Stored data:
*** Block opens ***

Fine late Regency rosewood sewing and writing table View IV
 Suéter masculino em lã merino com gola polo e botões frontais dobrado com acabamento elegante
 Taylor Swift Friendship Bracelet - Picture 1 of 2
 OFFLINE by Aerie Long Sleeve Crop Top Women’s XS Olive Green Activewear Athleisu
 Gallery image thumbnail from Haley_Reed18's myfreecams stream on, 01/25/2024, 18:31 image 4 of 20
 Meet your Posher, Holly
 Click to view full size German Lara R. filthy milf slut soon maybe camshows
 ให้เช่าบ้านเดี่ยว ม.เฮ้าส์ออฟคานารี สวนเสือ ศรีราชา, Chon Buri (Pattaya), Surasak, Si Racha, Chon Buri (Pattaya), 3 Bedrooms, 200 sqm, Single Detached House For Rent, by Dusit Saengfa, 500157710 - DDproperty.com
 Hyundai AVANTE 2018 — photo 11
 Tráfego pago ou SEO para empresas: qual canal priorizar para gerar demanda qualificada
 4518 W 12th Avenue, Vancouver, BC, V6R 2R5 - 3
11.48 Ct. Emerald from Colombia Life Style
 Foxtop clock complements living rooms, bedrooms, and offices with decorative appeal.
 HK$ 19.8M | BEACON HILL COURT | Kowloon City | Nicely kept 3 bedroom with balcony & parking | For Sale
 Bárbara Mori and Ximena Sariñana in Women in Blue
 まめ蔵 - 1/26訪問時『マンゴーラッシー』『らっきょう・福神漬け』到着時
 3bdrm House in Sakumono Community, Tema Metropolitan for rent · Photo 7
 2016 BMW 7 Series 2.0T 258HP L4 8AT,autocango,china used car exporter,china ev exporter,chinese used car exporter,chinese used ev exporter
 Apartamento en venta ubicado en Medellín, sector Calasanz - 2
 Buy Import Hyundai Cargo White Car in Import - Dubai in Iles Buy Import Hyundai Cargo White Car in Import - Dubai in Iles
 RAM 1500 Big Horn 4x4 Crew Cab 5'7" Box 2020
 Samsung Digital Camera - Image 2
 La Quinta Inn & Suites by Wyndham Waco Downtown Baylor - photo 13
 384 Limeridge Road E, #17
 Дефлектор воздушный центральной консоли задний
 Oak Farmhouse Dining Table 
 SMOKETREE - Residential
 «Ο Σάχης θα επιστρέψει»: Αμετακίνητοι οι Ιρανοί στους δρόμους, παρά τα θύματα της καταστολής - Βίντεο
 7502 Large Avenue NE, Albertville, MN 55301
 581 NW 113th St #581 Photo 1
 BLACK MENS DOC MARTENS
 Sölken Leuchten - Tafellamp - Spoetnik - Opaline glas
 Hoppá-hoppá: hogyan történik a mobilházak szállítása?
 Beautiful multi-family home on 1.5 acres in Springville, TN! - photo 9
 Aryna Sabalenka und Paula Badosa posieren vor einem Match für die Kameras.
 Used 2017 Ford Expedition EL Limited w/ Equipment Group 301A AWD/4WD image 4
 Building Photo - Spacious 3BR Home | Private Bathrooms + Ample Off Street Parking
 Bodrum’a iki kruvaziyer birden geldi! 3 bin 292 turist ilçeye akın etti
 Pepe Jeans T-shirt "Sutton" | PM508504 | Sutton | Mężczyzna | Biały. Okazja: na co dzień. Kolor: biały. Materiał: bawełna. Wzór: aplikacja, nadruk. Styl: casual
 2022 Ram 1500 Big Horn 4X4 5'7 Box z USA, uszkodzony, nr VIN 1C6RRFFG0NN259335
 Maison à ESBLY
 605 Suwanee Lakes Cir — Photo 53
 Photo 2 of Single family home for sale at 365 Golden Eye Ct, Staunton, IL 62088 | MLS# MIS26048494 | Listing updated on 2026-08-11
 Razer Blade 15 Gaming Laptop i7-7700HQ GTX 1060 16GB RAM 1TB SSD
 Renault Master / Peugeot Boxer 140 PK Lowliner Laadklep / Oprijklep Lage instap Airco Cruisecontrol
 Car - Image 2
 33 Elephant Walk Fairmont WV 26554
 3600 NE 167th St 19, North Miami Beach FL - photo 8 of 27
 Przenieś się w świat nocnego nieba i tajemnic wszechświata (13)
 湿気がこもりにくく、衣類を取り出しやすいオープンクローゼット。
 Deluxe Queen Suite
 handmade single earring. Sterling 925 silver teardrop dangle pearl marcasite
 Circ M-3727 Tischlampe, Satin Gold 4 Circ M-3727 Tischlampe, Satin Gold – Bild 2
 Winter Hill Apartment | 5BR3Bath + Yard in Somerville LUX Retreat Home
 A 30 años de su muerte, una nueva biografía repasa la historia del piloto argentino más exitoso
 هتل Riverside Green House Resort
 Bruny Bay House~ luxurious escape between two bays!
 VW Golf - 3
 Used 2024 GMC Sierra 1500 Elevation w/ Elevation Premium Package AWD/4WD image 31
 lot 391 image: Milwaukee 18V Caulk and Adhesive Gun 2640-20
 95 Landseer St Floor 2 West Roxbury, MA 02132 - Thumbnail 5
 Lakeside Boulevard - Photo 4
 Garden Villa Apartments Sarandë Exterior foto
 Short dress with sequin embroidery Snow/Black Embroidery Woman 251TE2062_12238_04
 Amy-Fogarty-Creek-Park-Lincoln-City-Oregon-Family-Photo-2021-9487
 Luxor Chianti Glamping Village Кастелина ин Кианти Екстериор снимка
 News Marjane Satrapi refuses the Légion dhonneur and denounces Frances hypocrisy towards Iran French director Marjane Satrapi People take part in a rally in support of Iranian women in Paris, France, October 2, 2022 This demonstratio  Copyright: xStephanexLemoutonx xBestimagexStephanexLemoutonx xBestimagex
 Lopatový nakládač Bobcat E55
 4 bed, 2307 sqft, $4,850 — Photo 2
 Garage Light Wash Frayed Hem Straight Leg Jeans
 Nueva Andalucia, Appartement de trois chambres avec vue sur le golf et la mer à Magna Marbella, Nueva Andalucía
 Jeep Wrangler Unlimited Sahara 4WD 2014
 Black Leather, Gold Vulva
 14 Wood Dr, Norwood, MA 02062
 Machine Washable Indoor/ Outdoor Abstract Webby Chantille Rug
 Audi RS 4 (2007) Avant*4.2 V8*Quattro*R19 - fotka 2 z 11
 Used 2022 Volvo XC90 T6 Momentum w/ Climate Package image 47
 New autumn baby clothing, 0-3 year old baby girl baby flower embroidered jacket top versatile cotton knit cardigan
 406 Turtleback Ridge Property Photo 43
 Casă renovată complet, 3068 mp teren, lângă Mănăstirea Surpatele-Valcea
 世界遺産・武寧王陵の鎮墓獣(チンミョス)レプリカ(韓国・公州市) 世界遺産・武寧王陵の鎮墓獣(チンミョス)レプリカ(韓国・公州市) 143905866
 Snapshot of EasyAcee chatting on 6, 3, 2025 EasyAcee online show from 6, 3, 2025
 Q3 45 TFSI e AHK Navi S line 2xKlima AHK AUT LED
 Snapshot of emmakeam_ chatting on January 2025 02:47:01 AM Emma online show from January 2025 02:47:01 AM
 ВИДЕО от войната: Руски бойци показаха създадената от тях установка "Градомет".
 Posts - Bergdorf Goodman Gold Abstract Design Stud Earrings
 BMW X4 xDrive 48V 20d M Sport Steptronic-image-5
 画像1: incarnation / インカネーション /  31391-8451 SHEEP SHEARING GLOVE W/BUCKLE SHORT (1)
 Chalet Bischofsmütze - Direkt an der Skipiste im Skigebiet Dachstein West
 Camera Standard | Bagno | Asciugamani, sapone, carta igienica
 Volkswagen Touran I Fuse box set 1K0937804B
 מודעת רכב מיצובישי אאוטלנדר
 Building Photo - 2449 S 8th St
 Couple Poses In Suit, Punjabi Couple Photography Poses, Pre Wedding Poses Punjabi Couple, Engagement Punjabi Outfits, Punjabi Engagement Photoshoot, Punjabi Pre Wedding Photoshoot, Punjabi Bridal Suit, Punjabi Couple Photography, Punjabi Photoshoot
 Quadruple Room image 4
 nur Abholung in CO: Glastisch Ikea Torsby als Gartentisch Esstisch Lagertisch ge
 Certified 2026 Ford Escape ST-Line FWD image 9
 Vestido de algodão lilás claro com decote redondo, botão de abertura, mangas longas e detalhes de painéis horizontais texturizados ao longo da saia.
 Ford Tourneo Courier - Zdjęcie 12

*** Block closes ***

Your task
Your answer should consist solely of the lines above from the line with "Tráfego pago ou" to the line with "SMOKETREE - Residential", both included, reproduced exactly.

Answer to this exercise
 Tráfego pago ou SEO para empresas: qual canal priorizar para gerar demanda qualificada
 4518 W 12th Avenue, Vancouver, BC, V6R 2R5 - 3
11.48 Ct. Emerald from Colombia Life Style
 Foxtop clock complements living rooms, bedrooms, and offices with decorative appeal.
 HK$ 19.8M | BEACON HILL COURT | Kowloon City | Nicely kept 3 bedroom with balcony & parking | For Sale
 Bárbara Mori and Ximena Sariñana in Women in Blue
 まめ蔵 - 1/26訪問時『マンゴーラッシー』『らっきょう・福神漬け』到着時
 3bdrm House in Sakumono Community, Tema Metropolitan for rent · Photo 7
 2016 BMW 7 Series 2.0T 258HP L4 8AT,autocango,china used car exporter,china ev exporter,chinese used car exporter,chinese used ev exporter
 Apartamento en venta ubicado en Medellín, sector Calasanz - 2
 Buy Import Hyundai Cargo White Car in Import - Dubai in Iles Buy Import Hyundai Cargo White Car in Import - Dubai in Iles
 RAM 1500 Big Horn 4x4 Crew Cab 5'7" Box 2020
 Samsung Digital Camera - Image 2
 La Quinta Inn & Suites by Wyndham Waco Downtown Baylor - photo 13
 384 Limeridge Road E, #17
 Дефлектор воздушный центральной консоли задний
 Oak Farmhouse Dining Table 
 SMOKETREE - Residential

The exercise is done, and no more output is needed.